** TASK DETAILS **
Using the listing below, set down exactly the lines starting at the line that contains "狼队与托特纳姆激战正酣谁能在英超赛场上笑到最后" and ending at the line that contains "2024 GWM Cannon LUX (4x4) MY25 4X4", both included, and no others.

- Opening Delimiter -

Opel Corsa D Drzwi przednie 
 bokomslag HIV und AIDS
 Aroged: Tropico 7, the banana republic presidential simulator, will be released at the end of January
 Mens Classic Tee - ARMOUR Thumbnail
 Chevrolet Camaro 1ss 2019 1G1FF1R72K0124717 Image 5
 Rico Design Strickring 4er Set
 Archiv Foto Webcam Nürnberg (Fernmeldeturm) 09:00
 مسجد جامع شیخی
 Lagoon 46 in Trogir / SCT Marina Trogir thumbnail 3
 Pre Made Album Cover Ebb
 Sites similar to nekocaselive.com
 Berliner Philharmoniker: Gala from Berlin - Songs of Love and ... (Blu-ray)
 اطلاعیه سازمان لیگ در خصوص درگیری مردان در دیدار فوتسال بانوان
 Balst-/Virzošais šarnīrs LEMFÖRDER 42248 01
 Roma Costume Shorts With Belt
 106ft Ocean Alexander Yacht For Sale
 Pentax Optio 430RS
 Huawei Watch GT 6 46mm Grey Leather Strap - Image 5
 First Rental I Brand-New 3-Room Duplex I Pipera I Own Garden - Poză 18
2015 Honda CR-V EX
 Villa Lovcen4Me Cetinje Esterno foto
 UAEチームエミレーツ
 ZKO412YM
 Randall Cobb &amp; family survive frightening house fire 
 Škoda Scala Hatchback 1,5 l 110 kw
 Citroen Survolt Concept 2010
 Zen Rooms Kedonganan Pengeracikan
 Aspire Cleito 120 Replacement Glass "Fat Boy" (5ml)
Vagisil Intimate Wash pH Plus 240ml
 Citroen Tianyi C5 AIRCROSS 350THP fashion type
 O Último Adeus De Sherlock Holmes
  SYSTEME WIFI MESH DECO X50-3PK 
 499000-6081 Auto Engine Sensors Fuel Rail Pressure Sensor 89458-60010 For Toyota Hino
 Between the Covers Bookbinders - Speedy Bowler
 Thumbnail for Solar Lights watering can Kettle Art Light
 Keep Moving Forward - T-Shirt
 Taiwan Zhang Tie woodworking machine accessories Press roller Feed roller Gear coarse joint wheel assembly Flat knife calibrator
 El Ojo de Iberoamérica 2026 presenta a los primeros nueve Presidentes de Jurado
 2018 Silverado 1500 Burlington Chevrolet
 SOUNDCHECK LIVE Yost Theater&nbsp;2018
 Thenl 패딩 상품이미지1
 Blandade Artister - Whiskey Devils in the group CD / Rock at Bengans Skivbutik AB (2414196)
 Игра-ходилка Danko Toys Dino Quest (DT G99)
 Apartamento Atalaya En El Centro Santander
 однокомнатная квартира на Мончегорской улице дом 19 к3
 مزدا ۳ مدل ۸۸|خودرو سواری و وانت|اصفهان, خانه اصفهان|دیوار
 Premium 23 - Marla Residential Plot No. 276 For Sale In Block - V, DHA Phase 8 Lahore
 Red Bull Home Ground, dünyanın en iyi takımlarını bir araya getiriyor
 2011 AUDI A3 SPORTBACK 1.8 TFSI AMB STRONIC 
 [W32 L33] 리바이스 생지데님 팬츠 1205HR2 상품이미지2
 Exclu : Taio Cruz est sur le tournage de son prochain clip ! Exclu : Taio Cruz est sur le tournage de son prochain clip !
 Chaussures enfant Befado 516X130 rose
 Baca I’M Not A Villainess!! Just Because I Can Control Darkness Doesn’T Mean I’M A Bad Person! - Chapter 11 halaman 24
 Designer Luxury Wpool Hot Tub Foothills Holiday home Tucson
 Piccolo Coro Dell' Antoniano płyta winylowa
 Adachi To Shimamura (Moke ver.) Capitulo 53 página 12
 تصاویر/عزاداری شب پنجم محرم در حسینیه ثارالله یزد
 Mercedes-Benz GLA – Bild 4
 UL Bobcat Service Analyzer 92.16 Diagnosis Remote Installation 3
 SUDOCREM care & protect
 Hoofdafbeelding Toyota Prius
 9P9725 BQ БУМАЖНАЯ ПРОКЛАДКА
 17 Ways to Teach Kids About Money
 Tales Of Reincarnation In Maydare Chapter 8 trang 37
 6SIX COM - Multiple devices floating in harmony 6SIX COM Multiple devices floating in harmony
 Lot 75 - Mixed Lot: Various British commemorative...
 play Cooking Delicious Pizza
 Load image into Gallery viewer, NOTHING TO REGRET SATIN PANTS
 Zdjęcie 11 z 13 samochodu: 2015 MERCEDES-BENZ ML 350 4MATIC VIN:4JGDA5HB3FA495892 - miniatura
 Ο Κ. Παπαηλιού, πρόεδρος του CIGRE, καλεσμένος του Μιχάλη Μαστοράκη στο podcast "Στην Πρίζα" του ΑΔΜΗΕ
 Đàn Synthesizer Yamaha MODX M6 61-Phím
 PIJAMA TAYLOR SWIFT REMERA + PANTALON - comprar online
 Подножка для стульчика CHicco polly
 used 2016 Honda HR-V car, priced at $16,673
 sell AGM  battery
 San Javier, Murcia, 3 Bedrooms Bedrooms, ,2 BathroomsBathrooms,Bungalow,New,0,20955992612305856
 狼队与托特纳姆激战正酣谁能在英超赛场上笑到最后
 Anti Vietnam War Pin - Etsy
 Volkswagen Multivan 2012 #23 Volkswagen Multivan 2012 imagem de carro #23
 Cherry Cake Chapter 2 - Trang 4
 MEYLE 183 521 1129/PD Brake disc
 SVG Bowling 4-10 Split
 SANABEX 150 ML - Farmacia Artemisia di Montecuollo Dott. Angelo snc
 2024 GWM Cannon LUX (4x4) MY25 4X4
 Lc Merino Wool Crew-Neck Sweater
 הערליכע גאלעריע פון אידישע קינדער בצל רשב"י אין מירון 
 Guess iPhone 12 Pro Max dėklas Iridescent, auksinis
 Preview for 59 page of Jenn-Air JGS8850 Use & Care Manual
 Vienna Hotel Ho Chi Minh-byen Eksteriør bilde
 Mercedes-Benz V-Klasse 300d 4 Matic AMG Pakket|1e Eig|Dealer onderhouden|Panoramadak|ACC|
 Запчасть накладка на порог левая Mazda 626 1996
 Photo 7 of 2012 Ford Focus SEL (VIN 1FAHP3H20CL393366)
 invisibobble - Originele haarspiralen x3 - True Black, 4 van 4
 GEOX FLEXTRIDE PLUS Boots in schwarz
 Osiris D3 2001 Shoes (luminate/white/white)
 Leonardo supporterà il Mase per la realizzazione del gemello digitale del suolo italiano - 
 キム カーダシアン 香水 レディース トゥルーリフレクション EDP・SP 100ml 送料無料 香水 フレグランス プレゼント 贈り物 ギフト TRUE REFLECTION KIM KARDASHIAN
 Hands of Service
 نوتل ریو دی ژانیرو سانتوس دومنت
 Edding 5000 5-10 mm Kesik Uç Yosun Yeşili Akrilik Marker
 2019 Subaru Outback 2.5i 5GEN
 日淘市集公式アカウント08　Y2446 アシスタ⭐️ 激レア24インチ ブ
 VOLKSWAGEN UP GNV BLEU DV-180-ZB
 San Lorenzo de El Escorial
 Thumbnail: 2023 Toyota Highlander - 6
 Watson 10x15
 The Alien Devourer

- Closing Delimiter -

** TASK SOLUTION **
 狼队与托特纳姆激战正酣谁能在英超赛场上笑到最后
 Anti Vietnam War Pin - Etsy
 Volkswagen Multivan 2012 #23 Volkswagen Multivan 2012 imagem de carro #23
 Cherry Cake Chapter 2 - Trang 4
 MEYLE 183 521 1129/PD Brake disc
 SVG Bowling 4-10 Split
 SANABEX 150 ML - Farmacia Artemisia di Montecuollo Dott. Angelo snc
 2024 GWM Cannon LUX (4x4) MY25 4X4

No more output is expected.